Hell, the other day I was getting all excited  about it and didn't even know  what smitty's was. I ran out and told my wife, she thought I was getting fresh with her and told me to get lost. It sounds good I'll have to look it up on the threads you posted. Got some red jap powder I made last fall along with a bunch of stuff my sister sends from New Orleans.


----------



## richtee (Feb 19, 2008)

Yours is on the way, Ken. Anyone else? If ya like heat...you'll regret not trying it. Well  no ya won't, cause you'll never know   heh


----------



## packplantpath (Feb 19, 2008)

Just remember, the US govt does not like people mailing suspicious powders, especially when they make the dogs eyes burn.


----------



## abelman (Feb 19, 2008)

You have PM, I'm in for 3


----------



## richtee (Feb 20, 2008)

That's THEIR problem... I mean the dogs...


----------



## desertlites (Feb 23, 2008)

I recieved my order of smitty's 6-15 today-did the tip of finger test,first thing I noticed was a very good flavor(very distinct flavor) allie thought Thai flavor-than it bit me-I love my hot spices & this was right up there- not as bad as some have said in the past-but than again this was just a few grains!I can't wait to do some hot wings with it-Allie loves Thai food & has some fave recipies she wants to use it in. Rich I want to thank you & Smitty for the abilty to purchase this wonderful mix of peppers,I asure U this won't be my last order-in fact please send me another 3 oz. before it runs out. I'm sure it will freeze well.Thanks again.(Bob).


----------



## abelman (Feb 23, 2008)

Got mine today and did a few dip tests. Has some decent heat to it and reminds me of the peppers I do but with a slightly different flavor. There's a smokey flavor/smell to it as well. 

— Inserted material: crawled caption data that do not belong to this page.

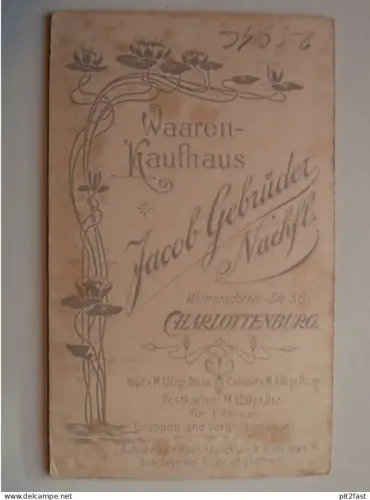 Kabinettfoto - Waaren-Kaufhaus - Jacob Gebrüder in Berlin Charlottenburg  , Adel , CDV , Photographie , Kabinett !!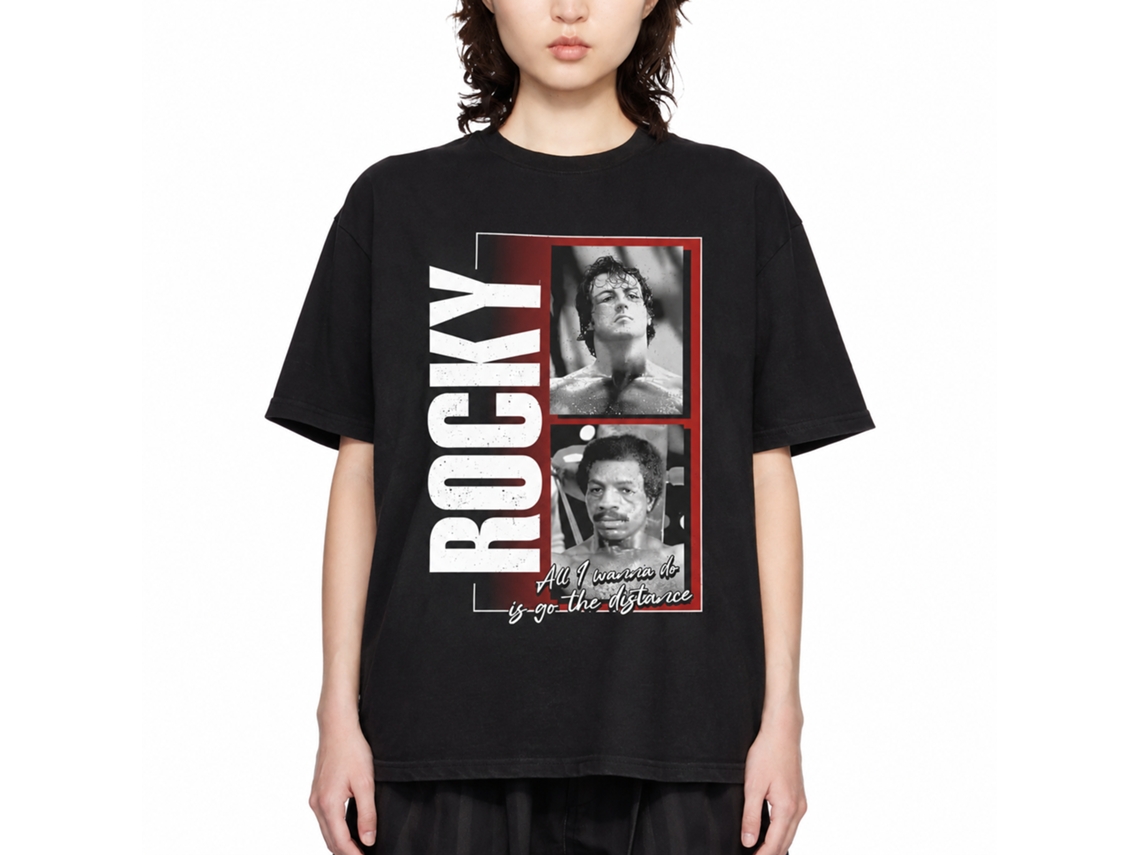 Rockinstone Rocky Two Photos Black T-shirt Size:xxl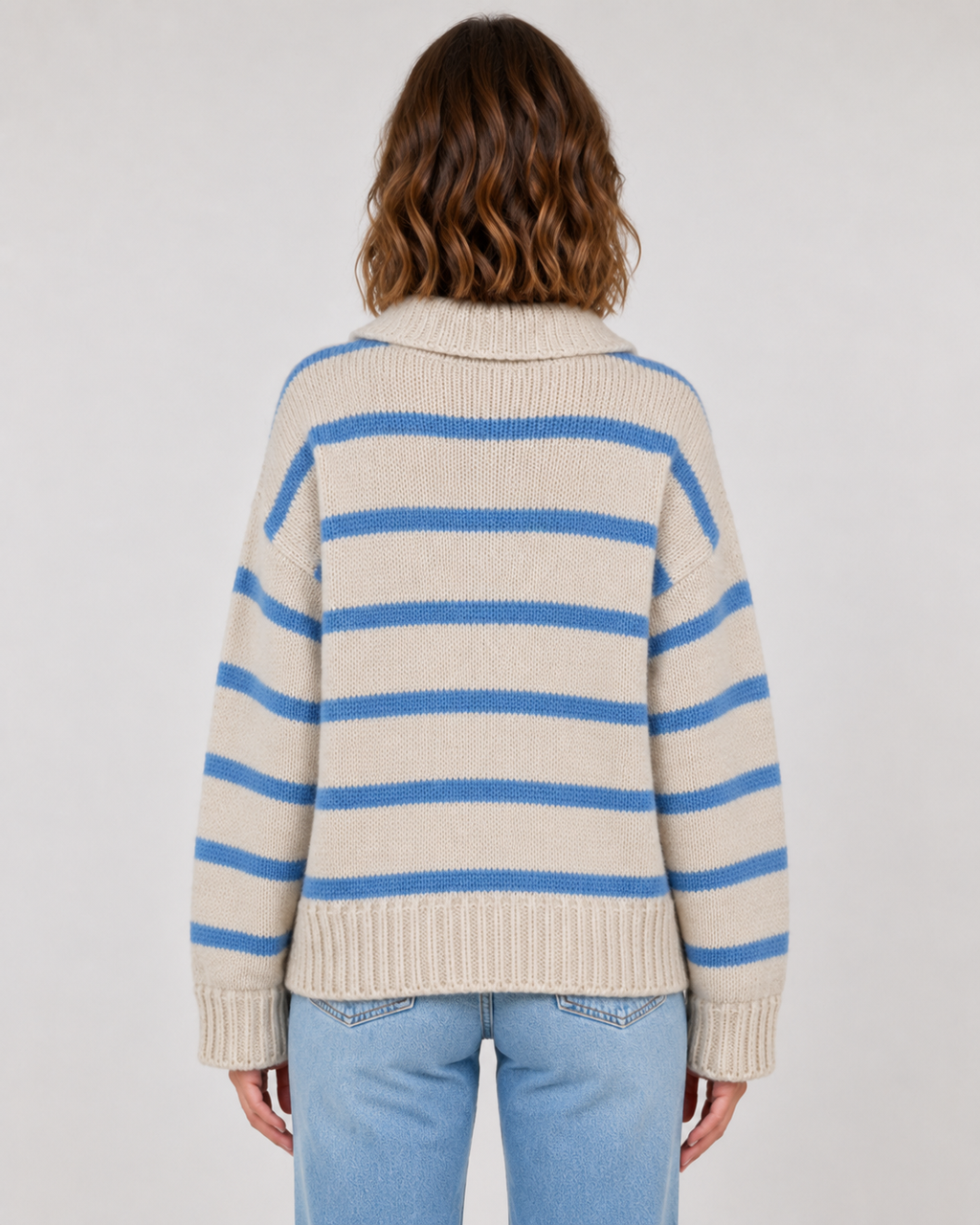 Zinnia | Striped Polo Collar Knit Sweater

I'll add it to my collection, thanks.


----------



## richtee (Feb 23, 2008)

Allie has a good tongue! Thai peppers figger big in the mix- Smitty let that slip after several beers my last visit. Weird buggers..they grow point up--in like a crown cluster...

Glad everyone is enjoying it! I am probably out..for now. Can get more tho I'm sure. There is an order pending for possible two bags. Will let yas know if any remains.


----------



## desertlites (Feb 24, 2008)

ya she cajun as cajun gets-had a sprinkle on a red cabbage heart after Alot of tastes today-I can't see what this ain't gonna go with & ya we still have tounge & beers!hehe


----------



## monicotti (Jun 22, 2008)

What is it?


----------



## richtee (Jun 22, 2008)

A fairly highly regarded ground hot pepper mix.


----------